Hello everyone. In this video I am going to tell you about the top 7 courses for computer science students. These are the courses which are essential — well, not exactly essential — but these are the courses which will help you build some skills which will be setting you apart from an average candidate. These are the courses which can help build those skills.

══════════════════════════════

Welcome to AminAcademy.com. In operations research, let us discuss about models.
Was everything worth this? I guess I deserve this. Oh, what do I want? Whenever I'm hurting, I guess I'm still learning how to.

══════════════════════════════

Directions>
For this exercise, output exactly the lines above from the line with "Welcome to AminAcademy.com." to the line with "Was everything worth", counting both, and leave out the rest.

Result of the task>
Welcome to AminAcademy.com. In operations research, let us discuss about models.
Was everything worth this? I guess I deserve this. Oh, what do I want? Whenever I'm hurting, I guess I'm still learning how to.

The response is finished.